## Exercise brief
Return the material below exactly, but only from the line with "Ручний USB ліхтар" through the line with "Living District Eclipse", and without its pictures.

## Material shown
-*-*-
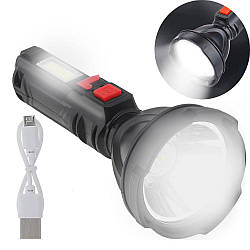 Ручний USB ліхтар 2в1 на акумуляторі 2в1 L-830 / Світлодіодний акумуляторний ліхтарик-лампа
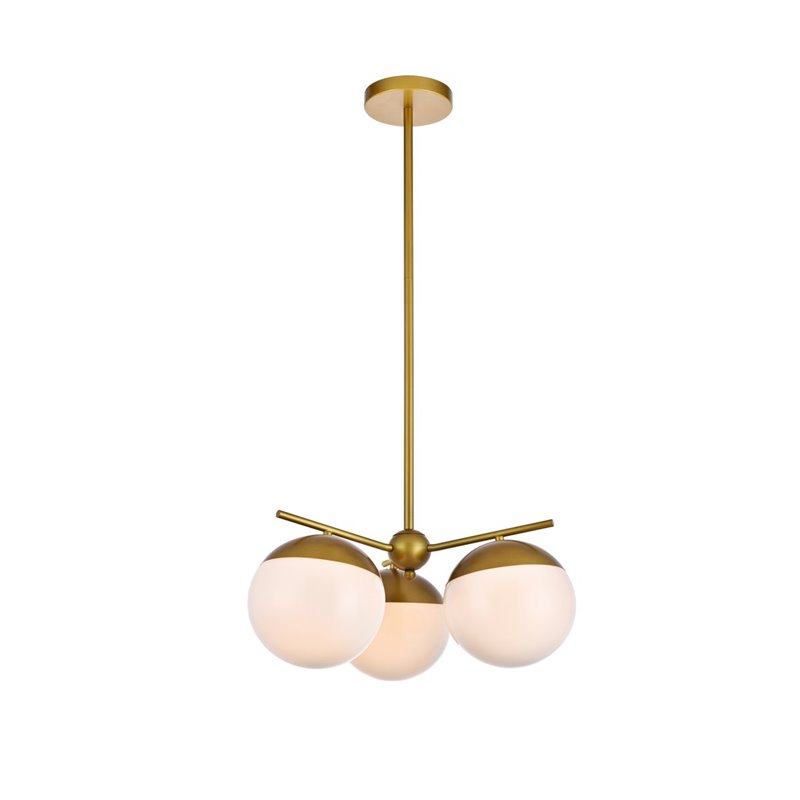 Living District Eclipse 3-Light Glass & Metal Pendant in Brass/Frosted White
-*-*-
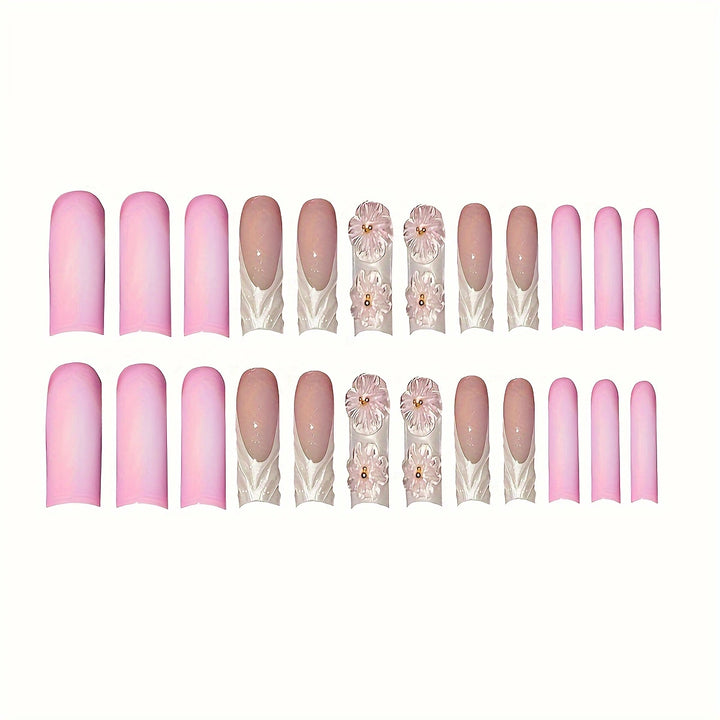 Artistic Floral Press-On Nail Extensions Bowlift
-*-*-
## Expected answer
 Ручний USB ліхтар 2в1 на акумуляторі 2в1 L-830 / Світлодіодний акумуляторний ліхтарик-лампа
 Living District Eclipse 3-Light Glass & Metal Pendant in Brass/Frosted White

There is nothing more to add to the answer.